12/4/2007
Police Held Accountable for Crimes Against MotoristsIndividual police officers in Georgia, Mississippi and Texas have been held accountable for crimes against motorists.
In a number of recent cases across the country, individual police officers are being held accountable for crimes committed against motorists. In Georgia, Mississippi and Texas, the law enforcement officials responsible have been caught and face punishment for abusing the public trust. In Jeffersontown, Kentucky, however, a police officer faced minimal sanction for damaging the property of another driver.
The Mississippi Bureau of Investigation arrested a Jones County Sheriff's Office auxiliary deputy on November 27 for stealing from motorists. Robert Dreading faces robbery charge for allegedly pulling over Hispanic motorists and keeping their money, the Laurel Leader-Call newspaper reported. In August, Cedartown, Georgia Police Officer Douglas Damiano, 38, was sentenced to two years and three months in federal prison for a similar scheme of robbing Hispanics during traffic stops. The Georgia Bureau of Investigation set up a sting operation in which an undercover sheriff's deputy posed as an ordinary motorist. Damiano pulled the undercover officer over and took $100 from him.
"This defendant used his badge to steal money from Hispanic motorists, thinking that they would never dare to come forward and challenge him," United States Attorney David E. Nahmias said in a statement. "His corruption is an unfortunate exception to the professionalism of most police officers."
Damiano is being held in a low-security federal prison in Petersburg, Virginia with a scheduled release date of July 24, 2009.
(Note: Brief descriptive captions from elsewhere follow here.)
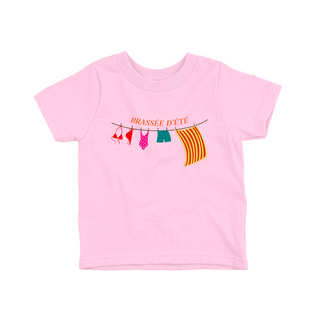 Brassée d'été - T-shirt Unisexe ENFANT ET BAMBIN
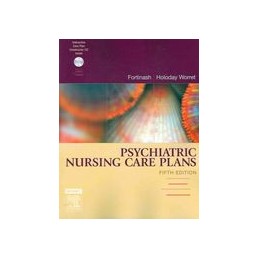 Psychiatric Nursing Care Plans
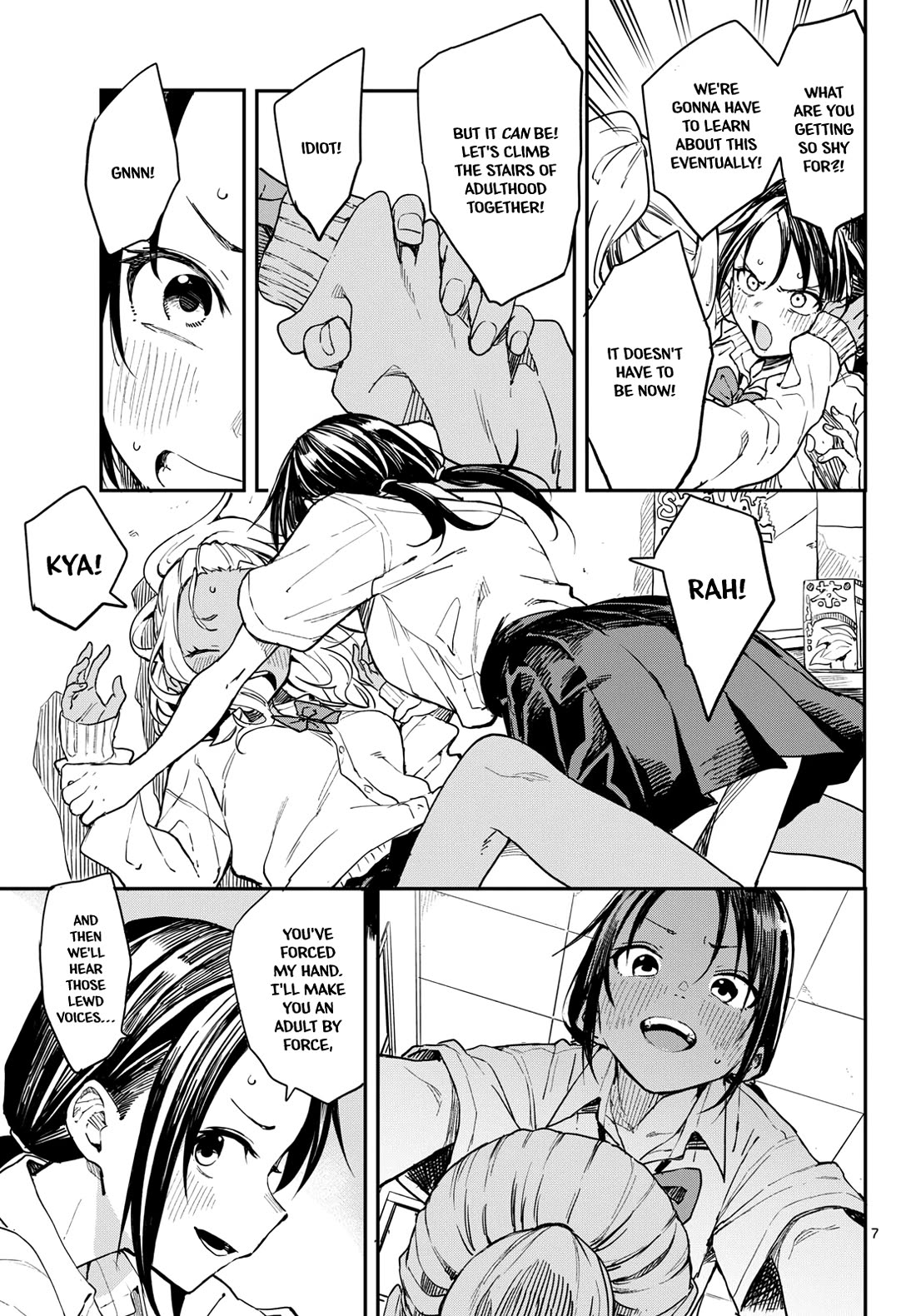Read Mane Mane Nichi Nichi EN Manga Online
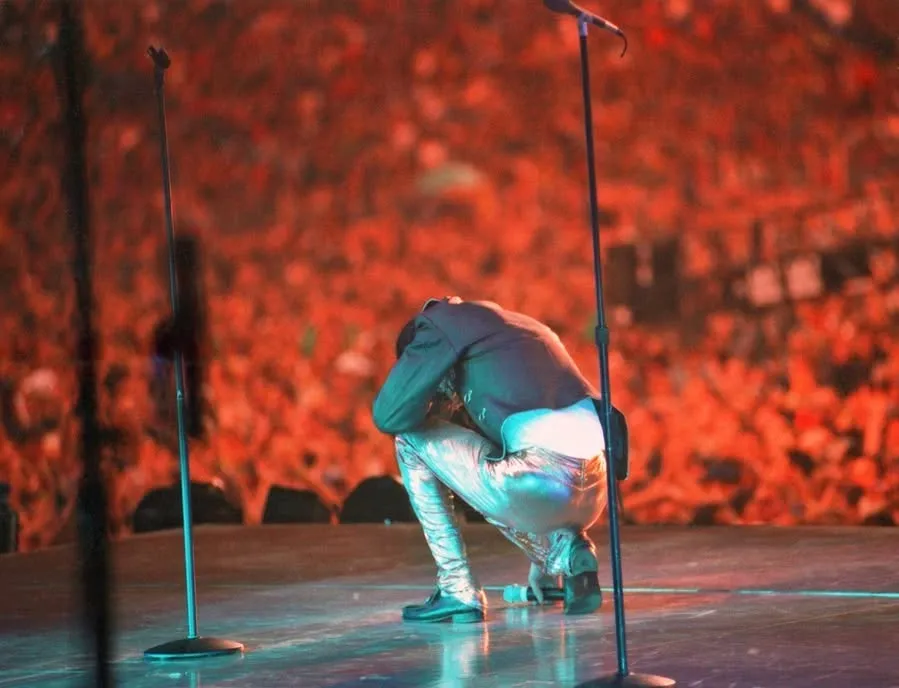 O dia em que Michael Jackson parou um show para salvar um inseto 4 O dia em que Michael Jackson parou um show para salvar um inseto |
In Houston, Texas a police officer was caught taking advantage of motorists in a different way. A grand jury on November 27 sentenced a Houston Police Department traffic officer to five years in jail for lying to a grand jury and one year in jail for pulling over a 23-year-old woman, following her home, and making inappropriate sexual advances. J. Eric Matamoros, 30, pleaded guilty to the charges but can be out on parole within eighteen months, the Houston Chronicle reported.